** Data segment **

▬▬▬▬▬▬▬▬▬▬

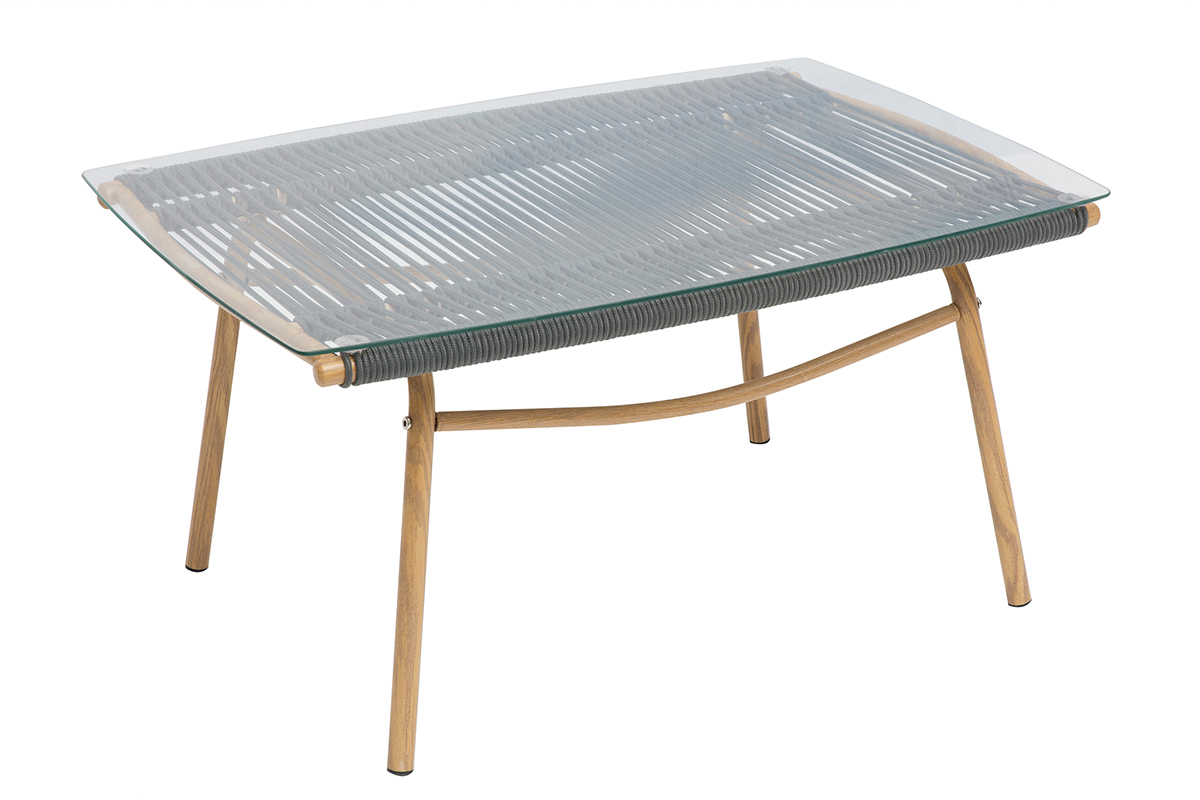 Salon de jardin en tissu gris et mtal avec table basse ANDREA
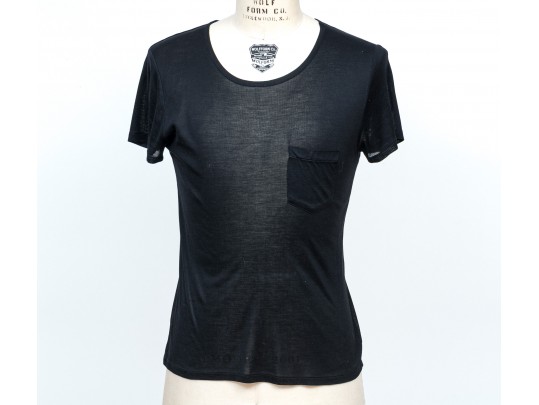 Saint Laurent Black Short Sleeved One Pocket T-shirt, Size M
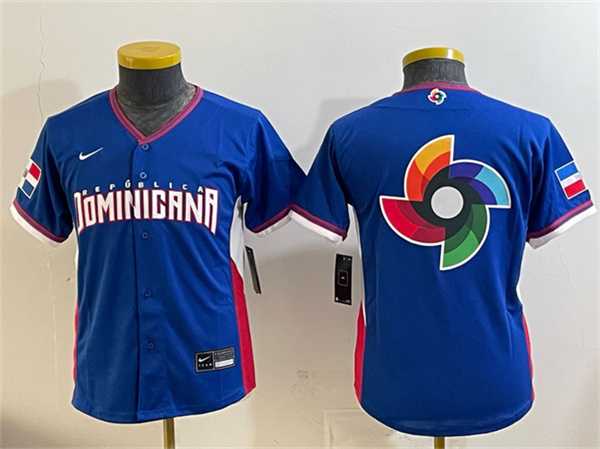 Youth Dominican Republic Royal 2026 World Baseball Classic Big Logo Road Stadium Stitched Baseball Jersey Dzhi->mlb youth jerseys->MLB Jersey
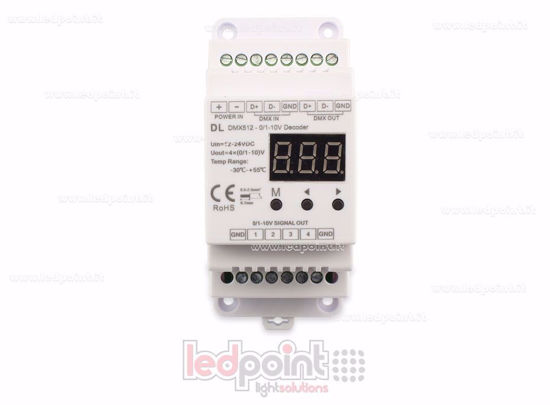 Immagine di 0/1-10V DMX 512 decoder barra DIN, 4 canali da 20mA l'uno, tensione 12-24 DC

▬▬▬▬▬▬▬▬▬▬

Since the pictures are not wanted, give the material again exactly without them.

** Written response **
 Salon de jardin en tissu gris et mtal avec table basse ANDREA
 Saint Laurent Black Short Sleeved One Pocket T-shirt, Size M
 Youth Dominican Republic Royal 2026 World Baseball Classic Big Logo Road Stadium Stitched Baseball Jersey Dzhi->mlb youth jerseys->MLB Jersey
 Immagine di 0/1-10V DMX 512 decoder barra DIN, 4 canali da 20mA l'uno, tensione 12-24 DC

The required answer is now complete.